Die Qualifikationsspiele in der Asien-Runde für die kommende WM laufen zwar zu vernünftigen Zeiten im Fernsehen, aber das Verdikt lautet: „Für dieses Elend haben wir keine Zeit.“ China kassierte im September ausgerechnet gegen Japan eine 7:0 Niederlage kommt auch bei bei schwächeren Gruppengegnern wie Bahrain und Indonesien kaum auf einen grünen Zweig.

Balsam für die Sportseele

Gut also, dass es Queen Wen gibt, sie hat der nationalen Sportpsyche in diesem Jahr einen großen Dienst erwiesen. Die Analyse von Erfolgen und Misserfolgen bei Ballsportarten bringt folgende Bilanz: Nicht nur im Fußball, sondern auch bei Basketball und Volleyball, zwei in China besonders populäre Sportarten bei denen man vorne mit dabei war, läuft es grottenschlecht.
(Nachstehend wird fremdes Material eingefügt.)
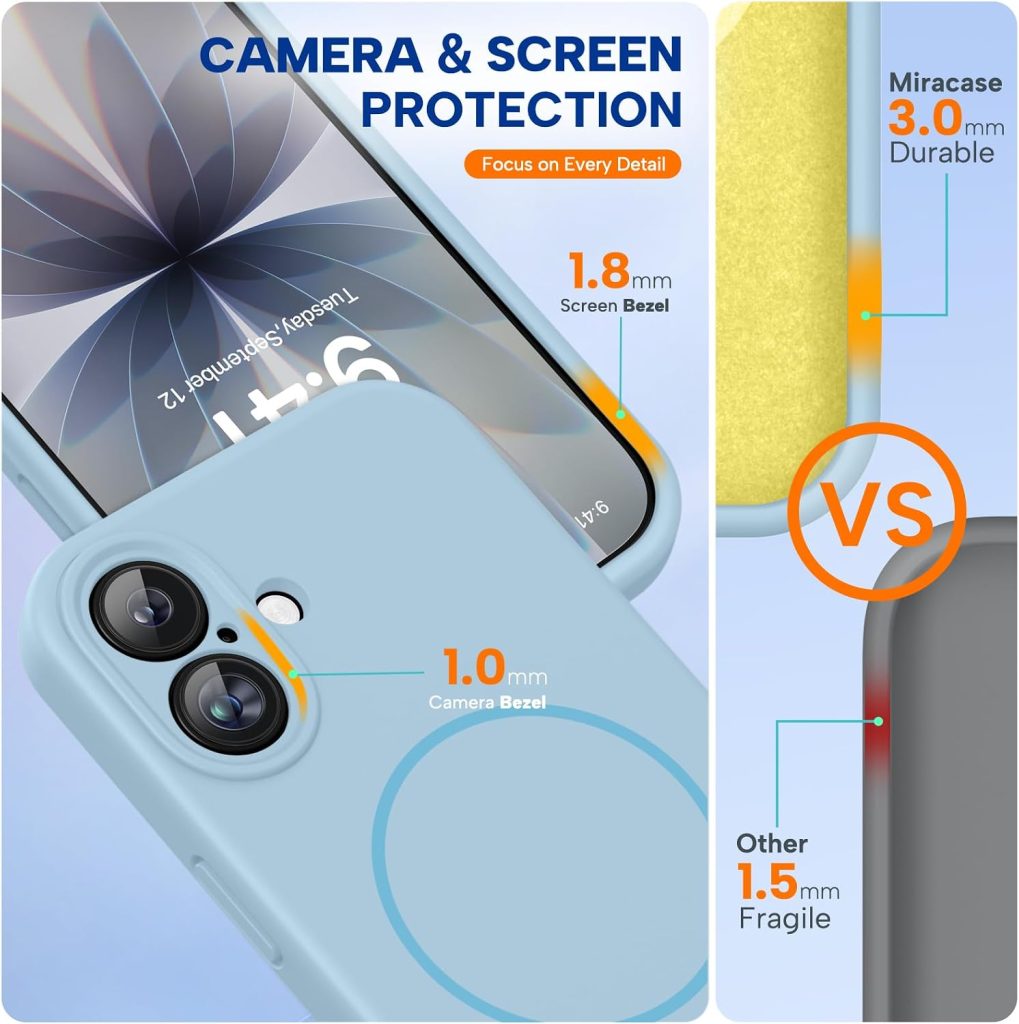 Miracase Silicone & Magnetic for iPhone 17 Case, Baby Blue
Beim Tischtennis hingegen räumte China erstmals bei Olympia sämtliche Goldmedaillen ab. Die Damen-Hockeymannschaft brachte es sensationell zu  Bronze. Zheng holte Gold im Tennis, im gemischten Doppel kam das Duo Wang Xinyu und Zhang Zhizhen völlig überraschend zu Silber. Jenseits der Olympiade steigen Chinesen bei Golf und Snooker-Billiard zur Weltelite auf.

Kleiner ist besser

Damit gelangt man zu einer frappierend simplen Erkenntnis. Je kleiner die Kugel, desto besser. Es erweist sich immer mehr, dass China in Sportdisziplinen mit großen Bällen international nicht mithalten kann. Dummerweise ausgerechnet jene, für die sich die Weltgemeinde besonders zu begeistern weiß. Genau das macht Zheng Qinwen zum besonderen Glücksfall und Idol schlechthin.

Vorne auf der Vogue

Die Filzkugel, die sie beherrschen muss, ist klein genug um in die chinesische Erfolgsmatrix hineinzupassen. Der Tennissport aber ist groß und glamourös genug, um auch internationales Prestige zu sammeln. Und siehe da, Queen Wen hat es jetzt als erster Sportler überhaupt auf das Titelblatt der China-Ausgabe des Modemagazins Vogue gebracht.